Accordingly, it is a principal object of this invention to provide a plain paper electrophotographic system which is simple, compact, and low in cost. A related object is to provide an electrophotographic system which requires fewer process steps than those of a conventional system. A further related object is to achieve a plain paper copying system having an extremely short and simple paper path.
Another object of the invention is to provide a more reliable and maintenance free electrophotographic system with a photoconductive member of increased efficiency and life span. A related object is to avoid the need to clean the photoconductive member.
A further object of the invention is to design a system which is indifferent to idiosyncratic photoconductor electrical properties. In particular, it is desirable that an electrophotographic system avoid the problems inherent in the presence of a residual potential as well as non-linear characteristics in the toe of a photoconductor discharge curve.

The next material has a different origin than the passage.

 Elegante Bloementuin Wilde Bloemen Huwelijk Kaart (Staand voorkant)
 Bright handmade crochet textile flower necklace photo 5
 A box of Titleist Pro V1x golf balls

Another object of the invention is the maintenance of reasonable image quality during the initial image transfer. A related object is the avoidance of disruptive charge transfer between a photoconductor and a dielectric image member.
Yet another object of the invention is to achieve a plain paper copier system in which the time required to generate the first copy is reduced.
In furthering the above and related objects, the electrophotographic apparatus of the invention is comprised of a photoconductor member, a dielectric image drum, and various process stations. In accordance with one aspect of the invention, the photoconductor member contains a photoconductive surface and a conducting inner substrate, while the dielectric image drum contains an insulating surface layer and a conducting substrate. In accordance with a particular embodiment of the invention, the above members take the form of cylindrical drums. In accordance with a related aspect of the invention, a latent electrostatic image is formed by uniformly charging the photoconductive surface in the dark, and then exposing it to a pattern of light and shadow corresponding to the original image to be reproduced. In accordance with a further related aspect of the invention, the latent electrostatic image is next transferred to the surface of the dielectric image drum. An erase lamp may be used to discharge a residual latent image on the photoconductive surface after image transfer.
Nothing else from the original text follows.